Et de renchérir: «Je ne suis pas nostalgique. Il y a de vrais talents de créativité chez la nouvelle génération de cinéastes, y compris féminine qu’il faut encourager à continuer. Il y a des financements, de l’attention portée sur le cinéma, mais cela ne suffit pas», argue-t-il. «Avant, les salles généraient des recettes qui contribuaient au financement des films.
Les recettes des salles de cinéma permettaient de financer 80% des productions cinématographiques, à titre d’exemple l’Opium et le bâton avait enregistré plus de deux millions d’entrées.
Dire que c’est l’Etat qui payait dans les années 1980 pour la réalisation des films est une totale ineptie. Nous avons donné jadis les salles aux communes, car les salles étaient considérées comme de vraies poules aux oeufs d’or et cela aidait les communes.
Le cinéma est aujourd’hui financé par l’Etat, car il y a eu effondrement de l’ancien système qui consistait à prélever 7% des tickets en faveur du fonds d’aide.
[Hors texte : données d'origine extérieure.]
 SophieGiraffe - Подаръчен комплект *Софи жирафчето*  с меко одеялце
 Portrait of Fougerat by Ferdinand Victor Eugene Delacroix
La ministre de la Culture essaie de récupérer les salles mais il y a opposition. Le cadastre est du côté des collectivités locales».
Evoquant le projet d’un festival du film maghrébin qui devrait se tenir dans les mois à venir, Ahmed Bejaoui saluera l’initiative qui se veut intéressante, car le cinéma, estimera-t-il, est «un bon moyen de rapprochement des peuples au-delà des convergences et il y en a entre les pays du Maghreb. C’est une excellente idée pour faire le point et trouver des solutions pour permettre une meilleure diffusion et circulation de nos films au Maghreb et assurer une coopération Sud/Sud.»
Impossible de lâcher le cinéma
L’invité de l’ONCI souhaite aussi que le projet de film sur les derniers jours de Karl Marx voie le jour en Algérie, lequel devrait être réalisé par l’auteur de La fin de la pauvreté, Philippe Diaz.
Ahmed Bejaoui, qui tiendra à signaler que c’est avant tout en tant que cinéphile averti qu’il se présente à nous, s’est étalé en préambule sur ses études en littérature anglaise qui lui donneront plus tard la passion et lui permettront de mieux décoder et décortiquer le cinéma américain. Il est revenu donc à la source de ce qu’il est aujourd’hui, soit cet homme que tout le monde surnomme «M.Cinéma» en raison de sa fameuse émission phare qui passait à la télévision algérienne dans les années 1980.
Mais aussi à cause du ciné-club qu’il tiendra au niveau de la Cinémathèque algérienne et bien avant au lycée et ses multiples écrits qu’il générait sur le 7eme art, que ce soit à El Moudjahid ou Alger républicain à l’époque. Mais en fin pédagogue, avouera-t-il et nonobstant les milliers de téléspectateurs qu’il réussissait à attirer et fidéliser, Ahmed Bejaoui sentira la nécessité et le besoin de transmettre son savoir aux étudiants en enseignant le cinéma à l’université.
«Quand un film passait à l’époque 15 fois à la cinémathèque et bien j’allais le voir 15 fois aussi et je me préparais à aller affronter le public, je me blindais comme ça. C’est grâce à l’accumulation, que je suis arrivé à la télé, laquelle, à l’époque était plus ouverte et tolérante qu’aujourd’hui. J’avais déjà 15 ans d’expérience derrière moi, et ce désir de partager avec les gens l’émotion du cinéma. J’ai tenu aussi à me confronter au réel, j’ai fait du montage, réalisé des documentaires et puis j’ai choisi d’être producteur. J’avais trouvé ma vocation.» Et de citer les noms de Meddour, Beloufa, Assia Djebar, Beljadj, Hadjadj, Moussa Haddad, Hadj Harim et bien d’autres qu’il a produits en étant toujours au plus près de leurs attentes, préoccupation et écoute. «C’est comme cela que je me suis fabriqué, et pu acquérir cette liberté si chère aujourd’hui.»
C’est ainsi qu’il deviendra aujourd’hui consultant au ministère de la Culture et «non pas fonctionnaire» comme il le dit, tout en étant depuis trois ans à la tête du Fdatic (Fonds d’aide au cinéma). «Je ne peux pas lâcher le cinéma car il m’a donné beaucoup». El Harik de Mustapha Badie d’après la trilogie de Mohamed Dib reste enfin pour lui la meilleure adaptation à l’écran d’une oeuvre littéraire algérienne.